Just say no tips are the reason for low ratings.


----------



## A T (Aug 3, 2016)

thehappytypist said:


> Some people just don't realize how ******y and difficult they are. They see their behavior as perfectly acceptable, in fact it's their RIGHT! Assholes.


Then they beat up your rating like a pinata because they weren't served lobster and caviar on the ride.


----------



## reg barclay (Nov 3, 2015)

cybertec69 said:


> I will give you an example, got a dispatch the other day, I get there, tap on the app ARRIVED, and text pax I am outside, I do this ALL the time, PAX get's back OK, now after 3 minutes he comes out with a big heavy bag, then tells me there is more bags, OK, he opens the door to his residence and guess what he lives on the second floor, by the time all the bags got downstairs and in my car and we took off to the airport was like 10 minutes, since Airport trips are a set fare "no matter how long it takes you to get there", so waiting time was a non factor, well he got a 2* rating "now if he tipped me to load and unload his heavy luggage I might have done otherwise", also a couple of my Uber pool jobs got a 1* rating.


Idk about other places but here in NJ Uber started charging waiting time from 2 minutes after we arrive, it seems make pax be ready faster.
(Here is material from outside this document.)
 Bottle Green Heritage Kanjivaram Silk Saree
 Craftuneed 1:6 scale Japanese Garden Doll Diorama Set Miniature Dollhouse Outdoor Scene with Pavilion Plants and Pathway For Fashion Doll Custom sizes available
I think it's the psychological effect of having a meter running even it's only 15c per minute.


----------



## Clifford Chong (May 3, 2015)

I would say passenger ratings are far easier to maintain than driver ratings.

Passengers with good ratings are civil, fully conscious and know what they're doing. They're often never late, they enter the destination of where they actually want to go instead of requesting multiple stops or not entering one at all and insist on giving you directions (ie. backseat driving; which is actually very detrimental to your rating), and most important, respects YOU as the driver.

*I am going to flat out say that tipping is VERY helpful to your passenger rating but NOT totally necessary because there has been plenty of highly rated passengers who don't tip but often request a longer and worthy fare to make up for that.

Most drivers who have good ratings were often professional drivers prior to Uber with a few exceptions - It's because they know the best routes, practice good etiquette and make the driving experience a lot more desirable to the passenger. These things come naturally when you drive a car as a profession for awhile. I notice that a lot of high rated drivers are older people who had been driving for a long time and was able to keep a clean record to drive for Uber. No surprise there.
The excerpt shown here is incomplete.